* What you have to do:
Down to the final line, return the records unchanged.

* The data:
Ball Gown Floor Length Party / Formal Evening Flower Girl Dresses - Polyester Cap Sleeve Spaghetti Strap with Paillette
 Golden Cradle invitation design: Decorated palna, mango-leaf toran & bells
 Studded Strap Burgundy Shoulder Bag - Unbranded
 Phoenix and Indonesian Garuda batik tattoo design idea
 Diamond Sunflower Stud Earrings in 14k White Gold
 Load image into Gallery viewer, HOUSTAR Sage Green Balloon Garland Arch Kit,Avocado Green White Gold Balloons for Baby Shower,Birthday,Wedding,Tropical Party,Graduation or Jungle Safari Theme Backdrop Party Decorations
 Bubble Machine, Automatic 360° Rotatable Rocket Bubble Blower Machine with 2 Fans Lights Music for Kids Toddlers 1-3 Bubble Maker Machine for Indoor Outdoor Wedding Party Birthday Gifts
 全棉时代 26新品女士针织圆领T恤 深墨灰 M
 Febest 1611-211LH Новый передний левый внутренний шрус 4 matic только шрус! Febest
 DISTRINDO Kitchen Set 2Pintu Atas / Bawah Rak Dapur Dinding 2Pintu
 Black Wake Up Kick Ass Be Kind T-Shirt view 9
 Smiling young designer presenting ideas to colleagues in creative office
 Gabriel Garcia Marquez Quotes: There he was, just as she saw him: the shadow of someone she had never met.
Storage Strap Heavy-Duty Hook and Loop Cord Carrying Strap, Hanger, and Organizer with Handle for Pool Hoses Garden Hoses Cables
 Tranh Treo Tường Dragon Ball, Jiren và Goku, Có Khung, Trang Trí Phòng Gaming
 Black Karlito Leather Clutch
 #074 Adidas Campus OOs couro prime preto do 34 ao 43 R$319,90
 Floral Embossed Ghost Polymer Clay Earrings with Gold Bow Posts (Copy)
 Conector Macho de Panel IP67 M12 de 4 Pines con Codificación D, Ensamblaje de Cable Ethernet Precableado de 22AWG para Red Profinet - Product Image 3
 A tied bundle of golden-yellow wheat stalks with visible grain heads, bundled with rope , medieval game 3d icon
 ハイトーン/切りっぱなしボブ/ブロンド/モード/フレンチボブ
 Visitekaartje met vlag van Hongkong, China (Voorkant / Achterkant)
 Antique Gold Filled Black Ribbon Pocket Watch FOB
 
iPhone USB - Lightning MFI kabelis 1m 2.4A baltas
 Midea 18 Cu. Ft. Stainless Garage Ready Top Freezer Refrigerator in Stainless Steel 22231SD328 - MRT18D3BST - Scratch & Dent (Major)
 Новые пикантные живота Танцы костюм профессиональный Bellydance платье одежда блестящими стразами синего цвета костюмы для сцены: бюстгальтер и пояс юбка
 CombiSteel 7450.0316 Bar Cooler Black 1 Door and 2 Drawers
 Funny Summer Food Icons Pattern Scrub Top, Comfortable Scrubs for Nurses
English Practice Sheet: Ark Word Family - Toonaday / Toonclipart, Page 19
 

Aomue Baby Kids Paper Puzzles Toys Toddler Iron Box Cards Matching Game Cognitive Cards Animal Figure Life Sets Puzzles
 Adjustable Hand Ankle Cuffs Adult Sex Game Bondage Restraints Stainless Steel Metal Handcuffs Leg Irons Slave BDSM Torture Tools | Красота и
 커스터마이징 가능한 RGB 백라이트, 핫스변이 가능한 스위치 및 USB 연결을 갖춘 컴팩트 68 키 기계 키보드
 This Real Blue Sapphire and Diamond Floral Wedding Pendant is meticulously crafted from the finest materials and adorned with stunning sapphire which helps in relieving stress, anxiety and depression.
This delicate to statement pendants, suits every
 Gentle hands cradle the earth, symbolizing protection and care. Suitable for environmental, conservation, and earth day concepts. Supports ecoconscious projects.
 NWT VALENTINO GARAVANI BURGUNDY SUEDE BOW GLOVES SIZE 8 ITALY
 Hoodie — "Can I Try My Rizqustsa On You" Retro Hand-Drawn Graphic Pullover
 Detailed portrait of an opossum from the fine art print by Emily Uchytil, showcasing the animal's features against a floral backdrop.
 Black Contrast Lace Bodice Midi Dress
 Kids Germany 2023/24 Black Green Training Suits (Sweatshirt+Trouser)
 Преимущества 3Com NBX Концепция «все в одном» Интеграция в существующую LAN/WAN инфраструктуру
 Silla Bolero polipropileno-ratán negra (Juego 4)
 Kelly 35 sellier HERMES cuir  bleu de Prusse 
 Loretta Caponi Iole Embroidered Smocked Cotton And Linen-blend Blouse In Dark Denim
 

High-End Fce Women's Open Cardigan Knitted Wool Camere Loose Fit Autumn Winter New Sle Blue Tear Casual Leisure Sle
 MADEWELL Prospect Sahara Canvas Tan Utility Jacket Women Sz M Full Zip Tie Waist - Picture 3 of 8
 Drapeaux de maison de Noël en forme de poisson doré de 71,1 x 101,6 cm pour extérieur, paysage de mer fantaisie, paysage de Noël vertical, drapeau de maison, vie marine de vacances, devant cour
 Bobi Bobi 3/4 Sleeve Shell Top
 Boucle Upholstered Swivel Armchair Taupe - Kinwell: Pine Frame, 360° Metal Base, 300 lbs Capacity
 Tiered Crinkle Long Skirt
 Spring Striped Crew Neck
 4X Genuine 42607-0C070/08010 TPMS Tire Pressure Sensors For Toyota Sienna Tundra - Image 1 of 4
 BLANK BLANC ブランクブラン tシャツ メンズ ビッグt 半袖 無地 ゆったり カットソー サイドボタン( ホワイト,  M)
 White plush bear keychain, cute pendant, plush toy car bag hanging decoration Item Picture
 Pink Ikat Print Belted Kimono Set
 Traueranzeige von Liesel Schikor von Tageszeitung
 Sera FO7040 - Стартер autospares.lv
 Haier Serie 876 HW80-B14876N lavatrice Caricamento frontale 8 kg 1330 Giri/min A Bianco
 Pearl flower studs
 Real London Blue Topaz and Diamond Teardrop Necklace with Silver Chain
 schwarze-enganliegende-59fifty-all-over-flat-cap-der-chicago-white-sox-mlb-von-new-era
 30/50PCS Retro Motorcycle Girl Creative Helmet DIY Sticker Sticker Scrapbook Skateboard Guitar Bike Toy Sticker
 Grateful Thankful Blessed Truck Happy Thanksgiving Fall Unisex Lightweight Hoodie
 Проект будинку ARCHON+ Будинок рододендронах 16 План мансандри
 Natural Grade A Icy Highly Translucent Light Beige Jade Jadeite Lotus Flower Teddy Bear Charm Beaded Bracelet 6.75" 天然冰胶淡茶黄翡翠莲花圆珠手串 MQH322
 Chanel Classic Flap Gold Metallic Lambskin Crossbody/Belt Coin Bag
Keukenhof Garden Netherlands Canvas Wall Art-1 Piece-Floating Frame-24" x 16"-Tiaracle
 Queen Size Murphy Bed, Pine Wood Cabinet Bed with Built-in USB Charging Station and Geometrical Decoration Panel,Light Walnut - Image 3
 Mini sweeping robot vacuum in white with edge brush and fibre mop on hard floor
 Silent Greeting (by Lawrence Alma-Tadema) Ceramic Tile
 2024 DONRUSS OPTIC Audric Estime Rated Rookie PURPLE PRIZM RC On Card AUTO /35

* Finished exercise:
Ball Gown Floor Length Party / Formal Evening Flower Girl Dresses - Polyester Cap Sleeve Spaghetti Strap with Paillette
 Golden Cradle invitation design: Decorated palna, mango-leaf toran & bells
 Studded Strap Burgundy Shoulder Bag - Unbranded
 Phoenix and Indonesian Garuda batik tattoo design idea
 Diamond Sunflower Stud Earrings in 14k White Gold
 Load image into Gallery viewer, HOUSTAR Sage Green Balloon Garland Arch Kit,Avocado Green White Gold Balloons for Baby Shower,Birthday,Wedding,Tropical Party,Graduation or Jungle Safari Theme Backdrop Party Decorations
 Bubble Machine, Automatic 360° Rotatable Rocket Bubble Blower Machine with 2 Fans Lights Music for Kids Toddlers 1-3 Bubble Maker Machine for Indoor Outdoor Wedding Party Birthday Gifts
 全棉时代 26新品女士针织圆领T恤 深墨灰 M
 Febest 1611-211LH Новый передний левый внутренний шрус 4 matic только шрус! Febest
 DISTRINDO Kitchen Set 2Pintu Atas / Bawah Rak Dapur Dinding 2Pintu
 Black Wake Up Kick Ass Be Kind T-Shirt view 9
 Smiling young designer presenting ideas to colleagues in creative office
 Gabriel Garcia Marquez Quotes: There he was, just as she saw him: the shadow of someone she had never met.
Storage Strap Heavy-Duty Hook and Loop Cord Carrying Strap, Hanger, and Organizer with Handle for Pool Hoses Garden Hoses Cables
 Tranh Treo Tường Dragon Ball, Jiren và Goku, Có Khung, Trang Trí Phòng Gaming
 Black Karlito Leather Clutch
 #074 Adidas Campus OOs couro prime preto do 34 ao 43 R$319,90
 Floral Embossed Ghost Polymer Clay Earrings with Gold Bow Posts (Copy)
 Conector Macho de Panel IP67 M12 de 4 Pines con Codificación D, Ensamblaje de Cable Ethernet Precableado de 22AWG para Red Profinet - Product Image 3
 A tied bundle of golden-yellow wheat stalks with visible grain heads, bundled with rope , medieval game 3d icon
 ハイトーン/切りっぱなしボブ/ブロンド/モード/フレンチボブ
 Visitekaartje met vlag van Hongkong, China (Voorkant / Achterkant)
 Antique Gold Filled Black Ribbon Pocket Watch FOB
 
iPhone USB - Lightning MFI kabelis 1m 2.4A baltas
 Midea 18 Cu. Ft. Stainless Garage Ready Top Freezer Refrigerator in Stainless Steel 22231SD328 - MRT18D3BST - Scratch & Dent (Major)
 Новые пикантные живота Танцы костюм профессиональный Bellydance платье одежда блестящими стразами синего цвета костюмы для сцены: бюстгальтер и пояс юбка
 CombiSteel 7450.0316 Bar Cooler Black 1 Door and 2 Drawers
 Funny Summer Food Icons Pattern Scrub Top, Comfortable Scrubs for Nurses
English Practice Sheet: Ark Word Family - Toonaday / Toonclipart, Page 19
 

Aomue Baby Kids Paper Puzzles Toys Toddler Iron Box Cards Matching Game Cognitive Cards Animal Figure Life Sets Puzzles
 Adjustable Hand Ankle Cuffs Adult Sex Game Bondage Restraints Stainless Steel Metal Handcuffs Leg Irons Slave BDSM Torture Tools | Красота и
 커스터마이징 가능한 RGB 백라이트, 핫스변이 가능한 스위치 및 USB 연결을 갖춘 컴팩트 68 키 기계 키보드
 This Real Blue Sapphire and Diamond Floral Wedding Pendant is meticulously crafted from the finest materials and adorned with stunning sapphire which helps in relieving stress, anxiety and depression.
This delicate to statement pendants, suits every
 Gentle hands cradle the earth, symbolizing protection and care. Suitable for environmental, conservation, and earth day concepts. Supports ecoconscious projects.
 NWT VALENTINO GARAVANI BURGUNDY SUEDE BOW GLOVES SIZE 8 ITALY
 Hoodie — "Can I Try My Rizqustsa On You" Retro Hand-Drawn Graphic Pullover
 Detailed portrait of an opossum from the fine art print by Emily Uchytil, showcasing the animal's features against a floral backdrop.
 Black Contrast Lace Bodice Midi Dress
 Kids Germany 2023/24 Black Green Training Suits (Sweatshirt+Trouser)
 Преимущества 3Com NBX Концепция «все в одном» Интеграция в существующую LAN/WAN инфраструктуру
 Silla Bolero polipropileno-ratán negra (Juego 4)
 Kelly 35 sellier HERMES cuir  bleu de Prusse 
 Loretta Caponi Iole Embroidered Smocked Cotton And Linen-blend Blouse In Dark Denim
 

High-End Fce Women's Open Cardigan Knitted Wool Camere Loose Fit Autumn Winter New Sle Blue Tear Casual Leisure Sle
 MADEWELL Prospect Sahara Canvas Tan Utility Jacket Women Sz M Full Zip Tie Waist - Picture 3 of 8
 Drapeaux de maison de Noël en forme de poisson doré de 71,1 x 101,6 cm pour extérieur, paysage de mer fantaisie, paysage de Noël vertical, drapeau de maison, vie marine de vacances, devant cour
 Bobi Bobi 3/4 Sleeve Shell Top
 Boucle Upholstered Swivel Armchair Taupe - Kinwell: Pine Frame, 360° Metal Base, 300 lbs Capacity
 Tiered Crinkle Long Skirt
 Spring Striped Crew Neck
 4X Genuine 42607-0C070/08010 TPMS Tire Pressure Sensors For Toyota Sienna Tundra - Image 1 of 4
 BLANK BLANC ブランクブラン tシャツ メンズ ビッグt 半袖 無地 ゆったり カットソー サイドボタン( ホワイト,  M)
 White plush bear keychain, cute pendant, plush toy car bag hanging decoration Item Picture
 Pink Ikat Print Belted Kimono Set
 Traueranzeige von Liesel Schikor von Tageszeitung
 Sera FO7040 - Стартер autospares.lv
 Haier Serie 876 HW80-B14876N lavatrice Caricamento frontale 8 kg 1330 Giri/min A Bianco
 Pearl flower studs
 Real London Blue Topaz and Diamond Teardrop Necklace with Silver Chain
 schwarze-enganliegende-59fifty-all-over-flat-cap-der-chicago-white-sox-mlb-von-new-era
 30/50PCS Retro Motorcycle Girl Creative Helmet DIY Sticker Sticker Scrapbook Skateboard Guitar Bike Toy Sticker
 Grateful Thankful Blessed Truck Happy Thanksgiving Fall Unisex Lightweight Hoodie
 Проект будинку ARCHON+ Будинок рододендронах 16 План мансандри
 Natural Grade A Icy Highly Translucent Light Beige Jade Jadeite Lotus Flower Teddy Bear Charm Beaded Bracelet 6.75" 天然冰胶淡茶黄翡翠莲花圆珠手串 MQH322
 Chanel Classic Flap Gold Metallic Lambskin Crossbody/Belt Coin Bag
Keukenhof Garden Netherlands Canvas Wall Art-1 Piece-Floating Frame-24" x 16"-Tiaracle
 Queen Size Murphy Bed, Pine Wood Cabinet Bed with Built-in USB Charging Station and Geometrical Decoration Panel,Light Walnut - Image 3
 Mini sweeping robot vacuum in white with edge brush and fibre mop on hard floor
 Silent Greeting (by Lawrence Alma-Tadema) Ceramic Tile
 2024 DONRUSS OPTIC Audric Estime Rated Rookie PURPLE PRIZM RC On Card AUTO /35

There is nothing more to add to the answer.